Supplied data —
+ + + +

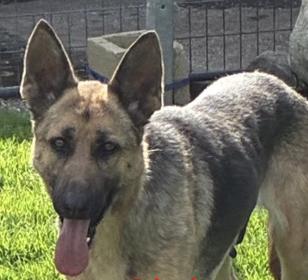 Enlarge Pookie aka Penny, a ADOPTABLE German Shepherd Dog in Seattle, WA image 3/6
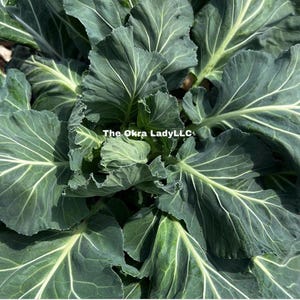 Champion Collard Seeds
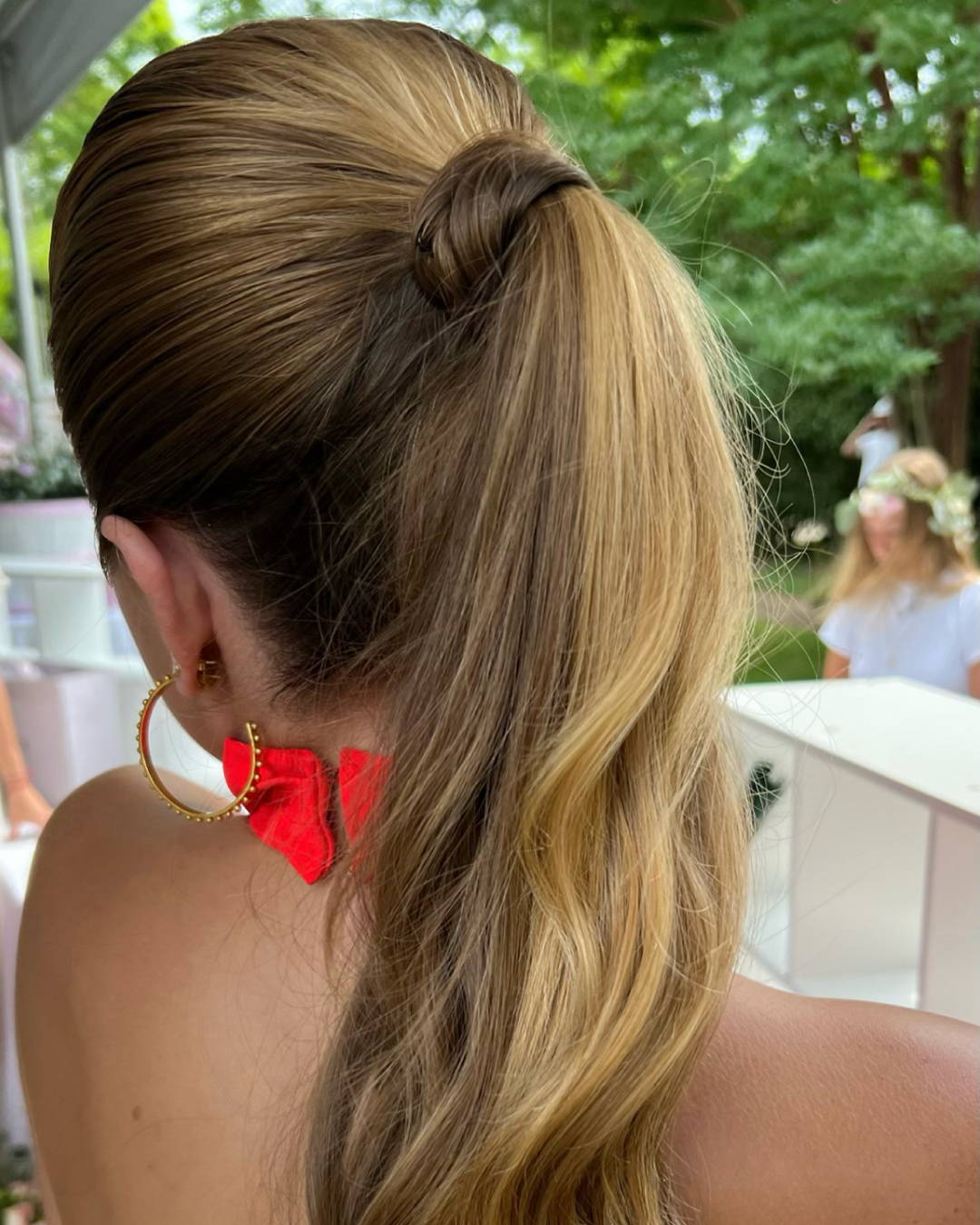 Image of sleek ponytail closeup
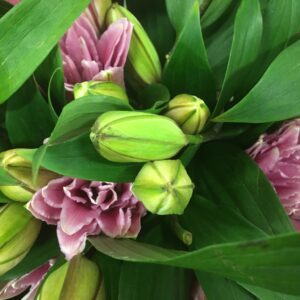 LILJA ORIENTAL ISABELLA DUBBEL ROSA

+ + + +

All of the material must be repeated exactly in the answer, apart from the pictures.

Exercise answer —
 Enlarge Pookie aka Penny, a ADOPTABLE German Shepherd Dog in Seattle, WA image 3/6
 Champion Collard Seeds
 Image of sleek ponytail closeup
 LILJA ORIENTAL ISABELLA DUBBEL ROSA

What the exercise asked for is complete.